• RECORDED DATA
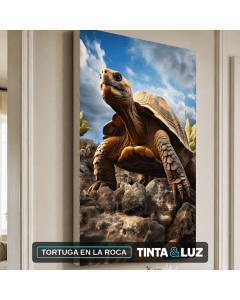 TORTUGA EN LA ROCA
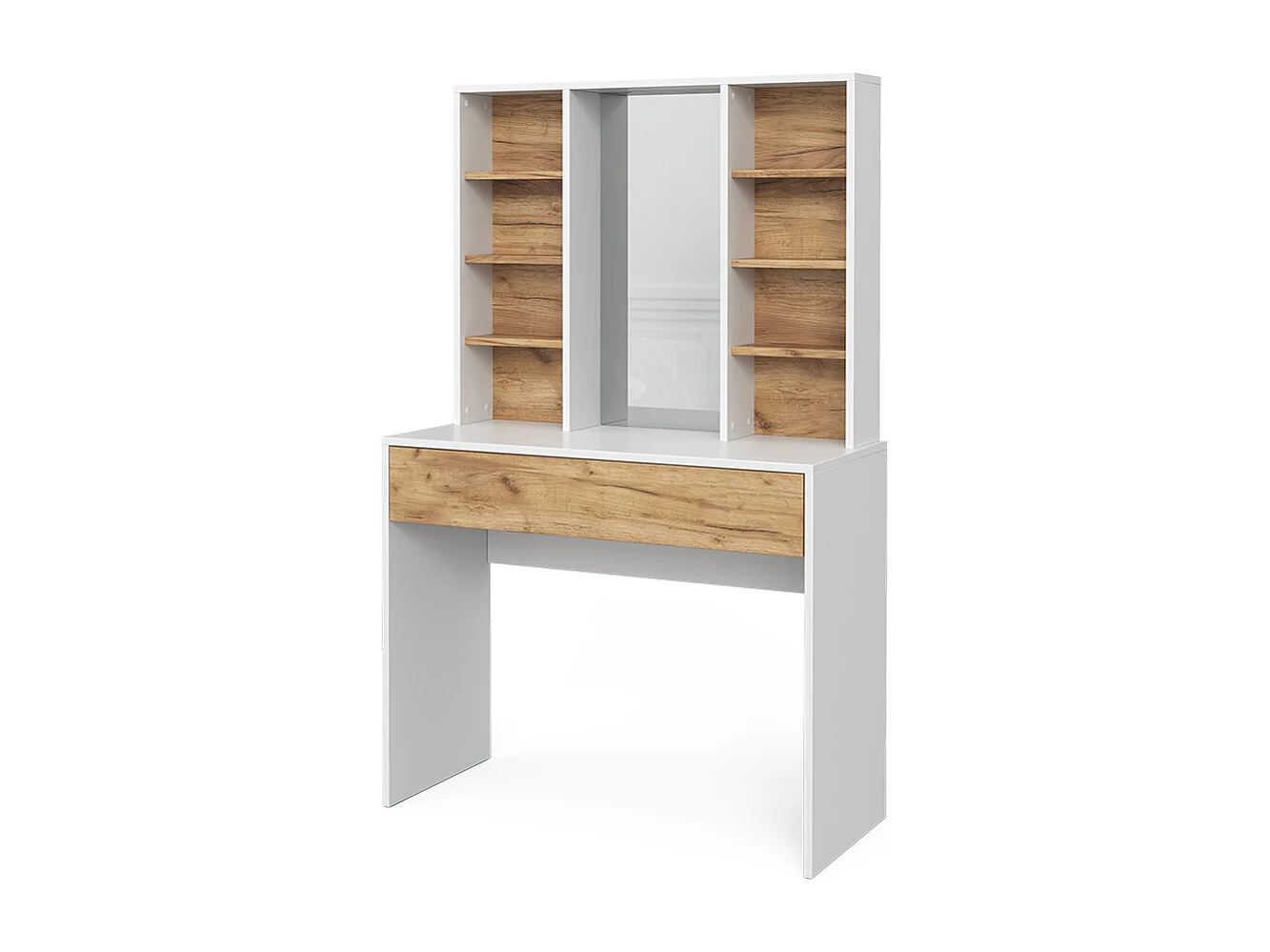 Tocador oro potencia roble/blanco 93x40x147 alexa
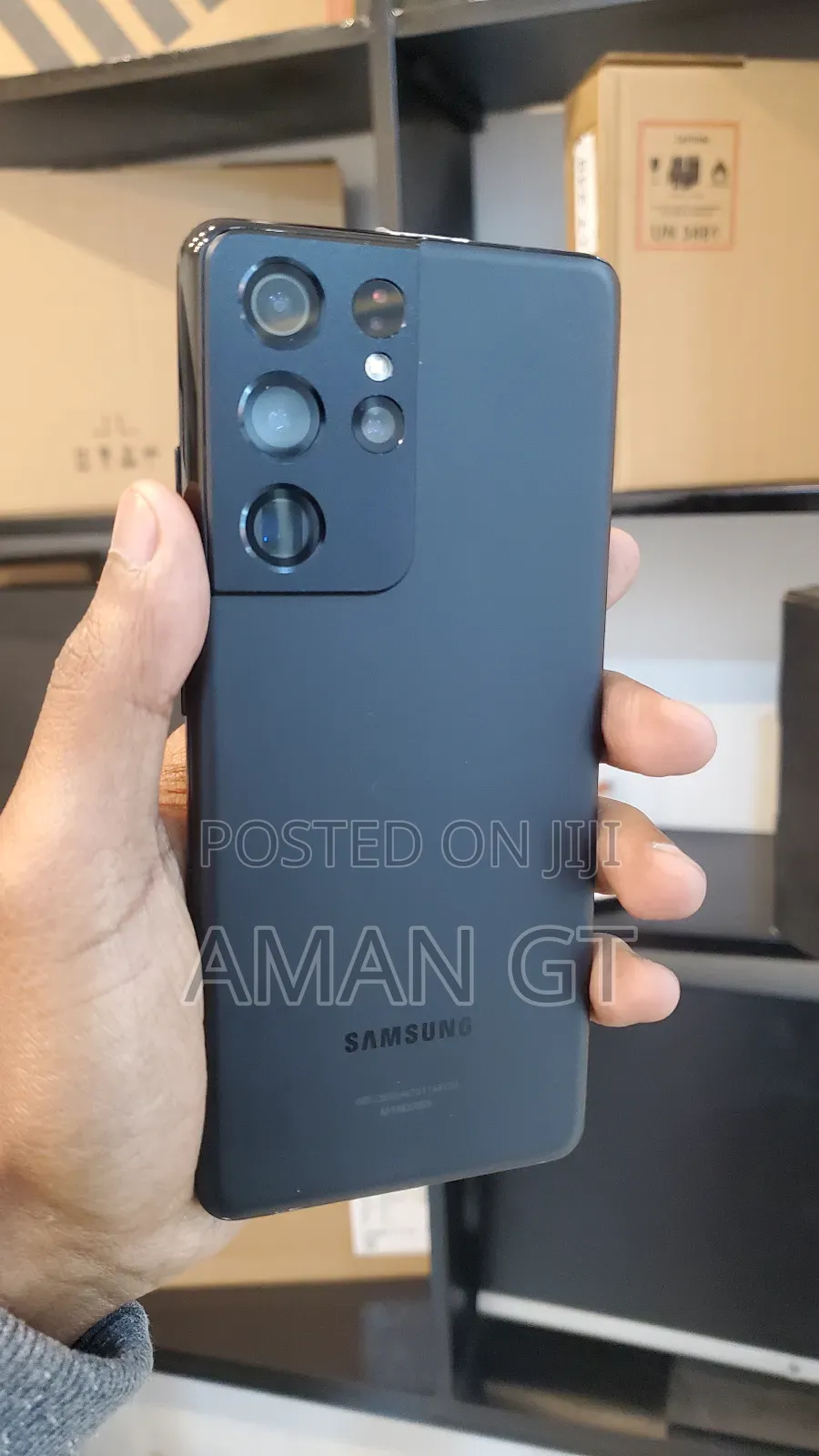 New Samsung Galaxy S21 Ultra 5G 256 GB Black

• WHAT IS EXPECTED
Pass over the images and copy the rest of the material above exactly.

• SOLUTION TO THIS EXERCISE
 TORTUGA EN LA ROCA
 Tocador oro potencia roble/blanco 93x40x147 alexa
 New Samsung Galaxy S21 Ultra 5G 256 GB Black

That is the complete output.